With thanks to the American Task Force on Palestine (AFTP) for bringing it to our attention. JRK

In the Holy Land, a changed Christian world

Matti Friedman
The Statesman (Analysis)
October 27, 2011 - 12:00am
http://www.statesman.com/news/nation/in-the-holy-land-a-changed-christian-world-...



The schedules for Mass at the two Roman Catholic churches in Jaffa, on Israel's Mediterranean coast, reveal a change that has dramatically, if quietly, altered the face of Christianity in the Holy Land.

The two Masses in Arabic for the town's native Arab Christian population are outnumbered by four in English, attended mainly by Filipina caregivers. Then there are others in Spanish, for South Americans; French, for African migrants; three South Asian languages, including Konkani, spoken in the Indian district of Goa; and, for a generation of Christians raised among Israel's Jewish majority, Hebrew.

In September, a colorful celebration for Indian Catholics alone drew 2,000 people. That's twice the total number of native Catholics in the parish.

For centuries, Christianity here meant the ancient communities of Christian Arabs. They were here when Israel was created around them in 1948, and they have kept their distinct identity within the Jewish state since. The past two decades, however, have seen one of the most significant influxes of Christians into the Holy Land since the Crusades, and it has created a wholly new Christian landscape shaped by the realities of Israel.

The newcomers include guest workers from dozens of different countries who provide the economy with cheap labor, and asylum-seekers from Sudan, Eritrea and elsewhere in Africa who sneak across the border from Egypt. And for the first time, there is a significant population of non-Arab Christian Israeli citizens, mainly immigrants from the former Soviet Union who, unlike Arabs, are fully assimilated into the Jewish Israeli mainstream.

Their presence has created new challenges for local churches that are simultaneously, like churches across the Mideast, facing the uncertain future of their local flocks. The numbers of Israel's 110,000 native Arab Christians have largely stagnated: They're not shrinking, but neither are they growing, as many young people leave for the West, squeezed by the conflict between Jews and Muslims and party to the general sense of neglect shared by Israel's Arab citizens.

Father Ramzi Sidawi, an Arab Catholic from Jerusalem, is the parish priest in Jaffa. Outside the church windows, he said, he now listens every day to children from Africa and the Philippines playing in Hebrew, the language of their schools and their parents' employers.

"You have to divide yourself, switch between languages. We have to serve everybody," he said. "The biggest challenge is to maintain the community united and not divided."

That's a difficult task, considering the gulf of language and culture that divides the newcomers from each other and from Arab Christians. There don't seem to be overt frictions or resentments, but in practice, Sidawi said, there is little contact among them beyond shared Masses on Christmas and other festivals.

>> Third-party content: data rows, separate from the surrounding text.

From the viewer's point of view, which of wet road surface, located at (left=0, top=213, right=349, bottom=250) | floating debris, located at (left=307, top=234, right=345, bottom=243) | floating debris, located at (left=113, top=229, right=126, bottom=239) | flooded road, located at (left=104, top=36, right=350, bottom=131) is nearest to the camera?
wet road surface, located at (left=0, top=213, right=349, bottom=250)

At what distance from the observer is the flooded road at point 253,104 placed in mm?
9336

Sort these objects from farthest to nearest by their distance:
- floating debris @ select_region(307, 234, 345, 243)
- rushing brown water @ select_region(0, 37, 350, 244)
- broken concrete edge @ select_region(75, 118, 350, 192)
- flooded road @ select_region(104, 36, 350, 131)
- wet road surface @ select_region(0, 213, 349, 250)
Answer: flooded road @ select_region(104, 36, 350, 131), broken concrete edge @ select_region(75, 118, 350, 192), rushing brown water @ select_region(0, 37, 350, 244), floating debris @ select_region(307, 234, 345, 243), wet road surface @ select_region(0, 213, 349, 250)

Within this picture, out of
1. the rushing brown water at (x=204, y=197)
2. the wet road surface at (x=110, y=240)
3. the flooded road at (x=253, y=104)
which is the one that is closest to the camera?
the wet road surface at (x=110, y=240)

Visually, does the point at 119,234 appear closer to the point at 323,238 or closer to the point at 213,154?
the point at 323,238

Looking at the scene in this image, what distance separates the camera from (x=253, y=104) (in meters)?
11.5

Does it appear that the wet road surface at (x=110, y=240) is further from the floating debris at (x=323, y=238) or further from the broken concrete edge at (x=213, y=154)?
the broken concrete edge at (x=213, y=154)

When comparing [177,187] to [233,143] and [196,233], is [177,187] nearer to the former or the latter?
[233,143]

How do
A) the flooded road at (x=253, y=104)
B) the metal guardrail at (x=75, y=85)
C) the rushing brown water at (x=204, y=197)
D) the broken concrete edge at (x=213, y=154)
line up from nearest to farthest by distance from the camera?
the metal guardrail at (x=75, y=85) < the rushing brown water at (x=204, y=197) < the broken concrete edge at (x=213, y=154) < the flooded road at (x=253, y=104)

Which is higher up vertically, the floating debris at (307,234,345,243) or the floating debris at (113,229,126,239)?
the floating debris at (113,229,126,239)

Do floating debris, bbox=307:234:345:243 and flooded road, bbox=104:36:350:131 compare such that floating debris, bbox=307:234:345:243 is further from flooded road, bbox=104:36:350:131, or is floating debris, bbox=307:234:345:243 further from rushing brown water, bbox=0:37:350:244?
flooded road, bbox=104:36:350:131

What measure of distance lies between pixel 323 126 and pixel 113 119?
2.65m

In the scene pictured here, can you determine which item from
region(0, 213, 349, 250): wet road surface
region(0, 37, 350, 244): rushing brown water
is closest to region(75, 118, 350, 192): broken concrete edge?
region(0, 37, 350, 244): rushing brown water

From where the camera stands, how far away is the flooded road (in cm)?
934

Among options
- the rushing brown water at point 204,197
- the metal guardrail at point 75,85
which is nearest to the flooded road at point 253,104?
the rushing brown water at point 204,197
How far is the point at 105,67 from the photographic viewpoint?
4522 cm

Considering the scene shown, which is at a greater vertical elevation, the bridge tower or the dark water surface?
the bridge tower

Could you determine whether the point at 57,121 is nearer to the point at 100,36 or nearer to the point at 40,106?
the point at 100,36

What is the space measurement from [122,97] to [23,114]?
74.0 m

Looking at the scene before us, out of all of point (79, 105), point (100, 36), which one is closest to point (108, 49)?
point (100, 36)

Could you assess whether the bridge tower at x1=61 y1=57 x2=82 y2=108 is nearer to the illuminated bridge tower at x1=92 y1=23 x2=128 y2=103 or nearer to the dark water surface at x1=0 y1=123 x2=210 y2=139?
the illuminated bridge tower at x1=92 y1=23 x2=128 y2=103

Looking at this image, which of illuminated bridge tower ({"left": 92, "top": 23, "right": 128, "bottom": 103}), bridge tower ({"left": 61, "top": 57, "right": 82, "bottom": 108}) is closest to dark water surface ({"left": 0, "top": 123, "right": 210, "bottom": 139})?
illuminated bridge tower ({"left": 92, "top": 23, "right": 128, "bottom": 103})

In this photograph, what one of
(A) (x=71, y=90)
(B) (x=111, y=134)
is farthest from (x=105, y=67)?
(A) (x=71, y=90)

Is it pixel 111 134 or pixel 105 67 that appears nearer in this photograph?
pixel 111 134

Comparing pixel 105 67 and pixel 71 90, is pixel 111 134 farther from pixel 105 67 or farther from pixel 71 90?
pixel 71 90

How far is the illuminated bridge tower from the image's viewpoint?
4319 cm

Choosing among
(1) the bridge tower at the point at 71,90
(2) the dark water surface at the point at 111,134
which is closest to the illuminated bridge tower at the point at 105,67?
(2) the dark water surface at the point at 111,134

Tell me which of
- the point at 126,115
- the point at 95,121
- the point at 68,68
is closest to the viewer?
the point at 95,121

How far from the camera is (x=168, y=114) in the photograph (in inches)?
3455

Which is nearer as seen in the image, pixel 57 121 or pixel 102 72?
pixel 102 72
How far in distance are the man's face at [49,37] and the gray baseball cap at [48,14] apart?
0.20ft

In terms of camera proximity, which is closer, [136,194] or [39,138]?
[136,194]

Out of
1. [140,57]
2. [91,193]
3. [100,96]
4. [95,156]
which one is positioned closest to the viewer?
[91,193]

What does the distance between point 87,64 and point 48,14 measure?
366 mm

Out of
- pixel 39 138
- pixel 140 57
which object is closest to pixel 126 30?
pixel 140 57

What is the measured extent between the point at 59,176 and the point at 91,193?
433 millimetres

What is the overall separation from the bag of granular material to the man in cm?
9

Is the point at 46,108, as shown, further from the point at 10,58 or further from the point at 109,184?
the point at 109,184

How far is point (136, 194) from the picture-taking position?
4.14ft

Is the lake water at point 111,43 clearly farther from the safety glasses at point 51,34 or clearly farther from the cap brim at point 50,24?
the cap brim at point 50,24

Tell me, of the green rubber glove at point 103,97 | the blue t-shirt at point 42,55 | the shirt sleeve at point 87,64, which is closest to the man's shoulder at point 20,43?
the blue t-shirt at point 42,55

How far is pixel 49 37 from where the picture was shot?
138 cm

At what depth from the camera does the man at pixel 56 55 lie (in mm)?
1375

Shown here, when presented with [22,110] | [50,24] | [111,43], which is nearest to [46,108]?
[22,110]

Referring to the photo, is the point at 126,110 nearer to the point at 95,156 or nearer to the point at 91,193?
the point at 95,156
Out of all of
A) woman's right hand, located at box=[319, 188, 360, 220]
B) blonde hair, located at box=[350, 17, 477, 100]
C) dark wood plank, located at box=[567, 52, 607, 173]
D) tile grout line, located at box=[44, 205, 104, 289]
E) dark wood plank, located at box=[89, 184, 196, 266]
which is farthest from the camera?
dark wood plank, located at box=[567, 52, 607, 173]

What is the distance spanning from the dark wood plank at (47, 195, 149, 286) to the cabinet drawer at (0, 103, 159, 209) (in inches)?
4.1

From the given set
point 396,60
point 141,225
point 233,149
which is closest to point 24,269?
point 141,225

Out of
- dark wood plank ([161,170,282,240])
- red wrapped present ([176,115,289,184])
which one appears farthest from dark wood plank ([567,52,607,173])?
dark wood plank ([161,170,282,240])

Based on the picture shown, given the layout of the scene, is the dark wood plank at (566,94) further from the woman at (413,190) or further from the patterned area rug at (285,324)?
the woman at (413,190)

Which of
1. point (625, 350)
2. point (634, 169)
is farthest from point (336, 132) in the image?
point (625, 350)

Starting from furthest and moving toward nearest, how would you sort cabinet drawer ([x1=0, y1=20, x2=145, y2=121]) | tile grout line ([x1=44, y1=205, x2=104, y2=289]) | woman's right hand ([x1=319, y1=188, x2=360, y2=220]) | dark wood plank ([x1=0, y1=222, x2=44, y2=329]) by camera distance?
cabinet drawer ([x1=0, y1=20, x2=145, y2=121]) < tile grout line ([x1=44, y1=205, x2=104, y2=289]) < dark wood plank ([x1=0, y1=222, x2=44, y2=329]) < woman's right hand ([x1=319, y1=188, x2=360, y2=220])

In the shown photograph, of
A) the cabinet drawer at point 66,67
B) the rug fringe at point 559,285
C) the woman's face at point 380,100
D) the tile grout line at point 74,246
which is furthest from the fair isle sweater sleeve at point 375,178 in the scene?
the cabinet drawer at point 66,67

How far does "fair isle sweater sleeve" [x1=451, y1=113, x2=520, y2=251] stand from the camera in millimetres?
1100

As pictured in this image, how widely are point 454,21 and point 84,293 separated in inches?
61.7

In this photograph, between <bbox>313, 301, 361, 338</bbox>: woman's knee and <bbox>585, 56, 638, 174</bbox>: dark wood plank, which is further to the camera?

The non-Arabs who attend church in Jaffa, for example, live elsewhere, mainly in foreign worker-dominated districts of nearby south Tel Aviv.

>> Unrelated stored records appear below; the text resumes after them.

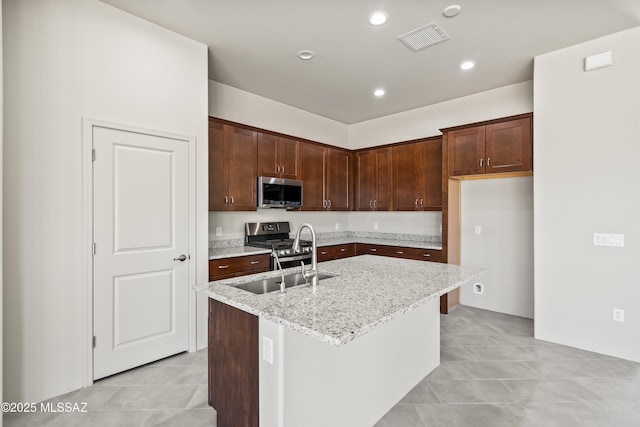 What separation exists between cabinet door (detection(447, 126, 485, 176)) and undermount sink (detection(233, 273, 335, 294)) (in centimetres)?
259

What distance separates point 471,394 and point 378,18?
300cm

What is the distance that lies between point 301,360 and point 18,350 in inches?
81.9

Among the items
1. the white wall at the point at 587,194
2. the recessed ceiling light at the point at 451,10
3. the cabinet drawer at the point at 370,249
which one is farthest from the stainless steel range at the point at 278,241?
the recessed ceiling light at the point at 451,10

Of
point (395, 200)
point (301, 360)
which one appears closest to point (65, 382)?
point (301, 360)

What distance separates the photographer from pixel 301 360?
59.1 inches

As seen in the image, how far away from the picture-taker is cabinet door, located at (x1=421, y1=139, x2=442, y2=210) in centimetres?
437

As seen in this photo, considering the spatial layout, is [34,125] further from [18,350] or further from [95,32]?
[18,350]

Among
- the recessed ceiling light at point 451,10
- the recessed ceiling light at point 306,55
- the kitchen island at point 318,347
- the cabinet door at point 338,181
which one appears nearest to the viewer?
the kitchen island at point 318,347

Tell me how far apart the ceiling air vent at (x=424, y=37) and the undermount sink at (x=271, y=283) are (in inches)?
88.1

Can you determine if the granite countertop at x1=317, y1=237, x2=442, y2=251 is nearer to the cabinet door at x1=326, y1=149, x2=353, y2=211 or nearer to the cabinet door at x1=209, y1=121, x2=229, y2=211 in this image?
the cabinet door at x1=326, y1=149, x2=353, y2=211

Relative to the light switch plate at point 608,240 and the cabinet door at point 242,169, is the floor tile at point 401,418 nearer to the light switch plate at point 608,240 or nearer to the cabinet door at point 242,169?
the light switch plate at point 608,240

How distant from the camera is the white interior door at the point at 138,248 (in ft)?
8.16

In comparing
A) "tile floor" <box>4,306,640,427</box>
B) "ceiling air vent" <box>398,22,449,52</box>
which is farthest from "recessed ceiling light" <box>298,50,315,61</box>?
"tile floor" <box>4,306,640,427</box>

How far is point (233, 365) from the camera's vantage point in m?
1.73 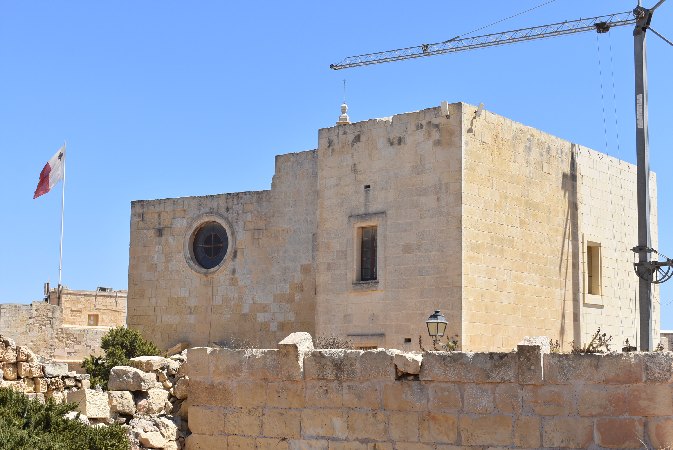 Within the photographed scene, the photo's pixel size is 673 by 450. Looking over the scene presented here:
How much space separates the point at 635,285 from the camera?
20516mm

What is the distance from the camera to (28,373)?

If one counts all of the people in Israel who are neither Jewish nor Muslim, these newcomers outnumber Arab Christians by more than five to one. The number of newcomers who are practicing believers is far smaller, but by some estimates they equal or outnumber the members of local churches.

"This creates concern for some that in the long term there could be a change in who the Christians of the Holy Land are, and concern about what will happen to the historic churches," said Amnon Ramon, who has researched these demographic changes as an expert on Christianity in Israel at the Jerusalem Institute for Israel Studies.

There are enough newcomers now for a Catholic cathedral in every major Israeli city, said Rev. David Neuhaus, who heads the Church's vicariate for Hebrew-speakers.

"We do not have enough clergy, and we do not have enough places to pray," he said. So services are held in ad hoc locations or in the existing Arab churches.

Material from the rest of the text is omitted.